1. Gelar yang bersifat doktrinal
2. Gelar yang bersifat devosi
3. Gelar karena penampakan atau pengaruh geografis.
Gelar Maria yang bersifat doktrinal adalah gelar-gelar Maria yang secara dogmatis penting bagi Gereja. Gelar-gelar Maria yang bersifat doktrinal ini misalnya Maria Bunda Allah, Maria Perawan Yang Terberkati, Maria Yang Dikandung Tanpa Dosa atau Bunda Gereja adalah contohnya.
Gelar Maria yang bersifat devosi adalah gelar-gelar yang bersifat puitis atau alegori. Banyak dari gelar-gelar ini yang berasal dari Kitab Suci, seperti Tabut Perjanjian, Menara Gading, Benteng Daud, Bintang Timur, Bintang Samudera dan lain-lain.
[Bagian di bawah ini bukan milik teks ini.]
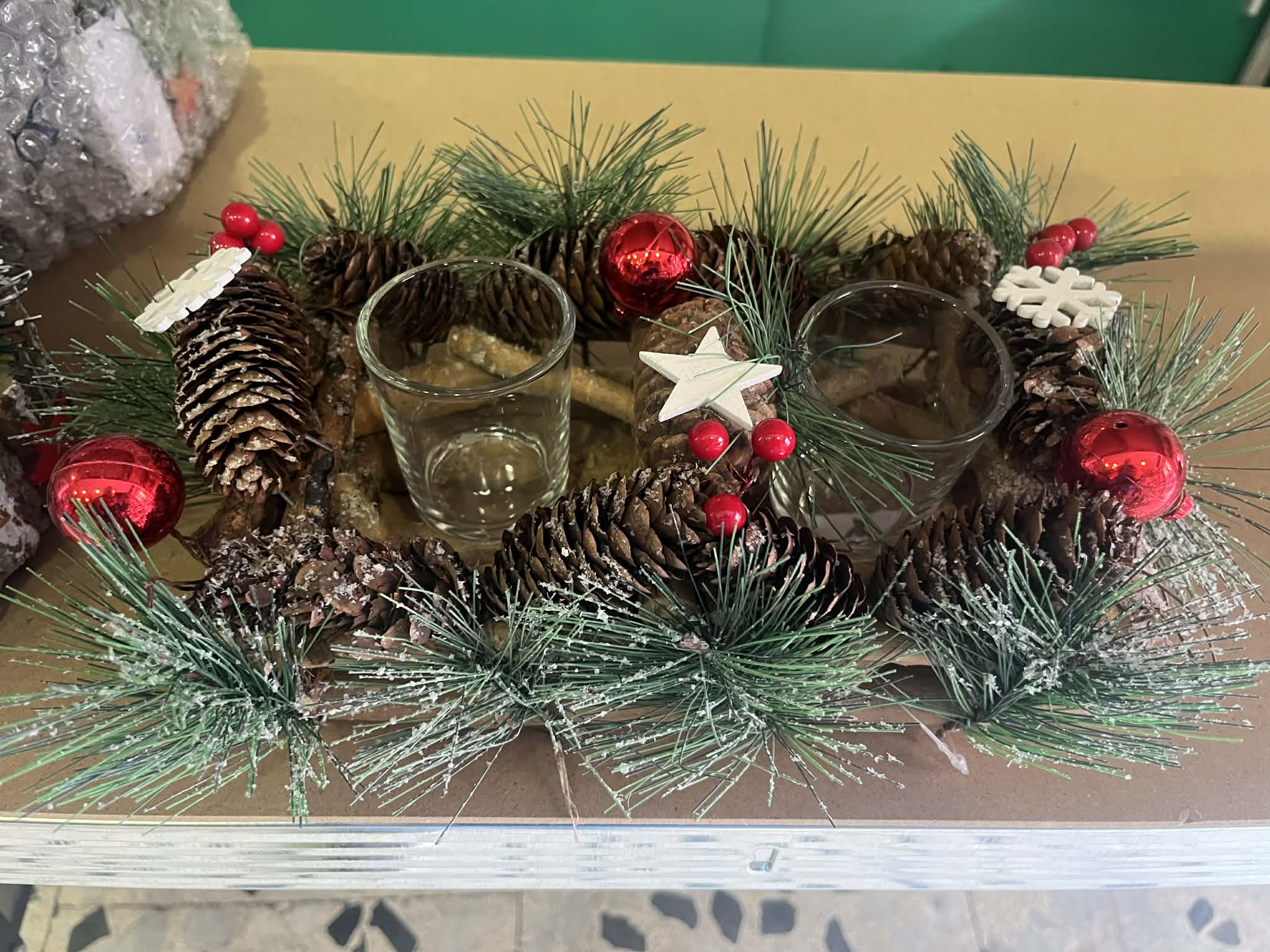 Holiday Pinecone Candle Holder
Sementara gelar karena penampakan atau geografis adalah gelar yang diberikan kepada Maria karena kehadirannya di tempat-tempat tertentu, dan juga penghormatan daerah tertentu kepada Maria yang khusus daerah tersebut, bukan Gereja Katolik seluruhnya, misalnya Bunda Lourdes, Bunda Karmel, Bunda La Salette. Di sebuah paroki di Pakem, Yogyakarta ada gelar ’Kitiran Kencana’ bagi Bunda Maria.
Baiklah, apa saja gelar-gelar Maria karena dogma Gereja?
Ada beberapa gelar Maria yang bersifat dogma karena berasal dari ajaran resmi Gereja. Ada yang universal, berasal dari konsili ekumenis sekitar abad keempat sehingga diterima baik oleh Gereja Katolik Roma dan juga Gereja Ortodoks Timur seperti gelar Maria Bunda Allah dan ada juga yang lebih baru yang hanya diterima oleh Gereja Katolik seperti gelar Yang Dikandung Tanpa Noda (Imaculata) dan Yang Diangkat Ke Surga (Assumption).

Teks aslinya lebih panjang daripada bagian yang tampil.